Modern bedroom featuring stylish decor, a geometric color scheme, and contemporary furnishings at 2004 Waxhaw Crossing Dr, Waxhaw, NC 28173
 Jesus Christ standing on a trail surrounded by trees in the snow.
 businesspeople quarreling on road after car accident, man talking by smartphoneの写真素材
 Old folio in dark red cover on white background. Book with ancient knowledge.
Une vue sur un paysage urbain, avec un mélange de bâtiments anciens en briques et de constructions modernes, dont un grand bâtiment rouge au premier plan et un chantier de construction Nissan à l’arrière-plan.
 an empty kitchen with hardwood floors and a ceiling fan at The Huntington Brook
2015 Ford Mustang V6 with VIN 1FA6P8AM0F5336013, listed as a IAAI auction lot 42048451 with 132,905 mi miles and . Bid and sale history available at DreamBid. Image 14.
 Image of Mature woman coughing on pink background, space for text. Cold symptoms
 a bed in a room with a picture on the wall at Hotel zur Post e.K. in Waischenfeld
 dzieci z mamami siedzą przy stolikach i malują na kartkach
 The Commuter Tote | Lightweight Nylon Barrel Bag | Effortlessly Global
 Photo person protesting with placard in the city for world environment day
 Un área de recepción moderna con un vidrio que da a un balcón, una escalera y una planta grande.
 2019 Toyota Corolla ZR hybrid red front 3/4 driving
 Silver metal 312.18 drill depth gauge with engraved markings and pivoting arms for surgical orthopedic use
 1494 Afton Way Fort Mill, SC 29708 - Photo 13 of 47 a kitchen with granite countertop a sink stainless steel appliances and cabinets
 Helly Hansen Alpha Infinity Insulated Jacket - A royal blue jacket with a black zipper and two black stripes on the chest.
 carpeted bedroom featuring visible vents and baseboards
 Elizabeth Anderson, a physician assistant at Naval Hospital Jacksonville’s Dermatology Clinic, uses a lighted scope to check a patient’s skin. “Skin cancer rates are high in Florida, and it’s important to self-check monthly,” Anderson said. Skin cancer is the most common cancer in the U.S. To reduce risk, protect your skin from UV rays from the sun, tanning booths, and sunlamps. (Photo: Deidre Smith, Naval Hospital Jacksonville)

═══

__What to produce__:
The lines to retype run from the start of the entries through the line containing "Image of Mature"; reproduce them exactly and add nothing.

__Answer box__:
Modern bedroom featuring stylish decor, a geometric color scheme, and contemporary furnishings at 2004 Waxhaw Crossing Dr, Waxhaw, NC 28173
 Jesus Christ standing on a trail surrounded by trees in the snow.
 businesspeople quarreling on road after car accident, man talking by smartphoneの写真素材
 Old folio in dark red cover on white background. Book with ancient knowledge.
Une vue sur un paysage urbain, avec un mélange de bâtiments anciens en briques et de constructions modernes, dont un grand bâtiment rouge au premier plan et un chantier de construction Nissan à l’arrière-plan.
 an empty kitchen with hardwood floors and a ceiling fan at The Huntington Brook
2015 Ford Mustang V6 with VIN 1FA6P8AM0F5336013, listed as a IAAI auction lot 42048451 with 132,905 mi miles and . Bid and sale history available at DreamBid. Image 14.
 Image of Mature woman coughing on pink background, space for text. Cold symptoms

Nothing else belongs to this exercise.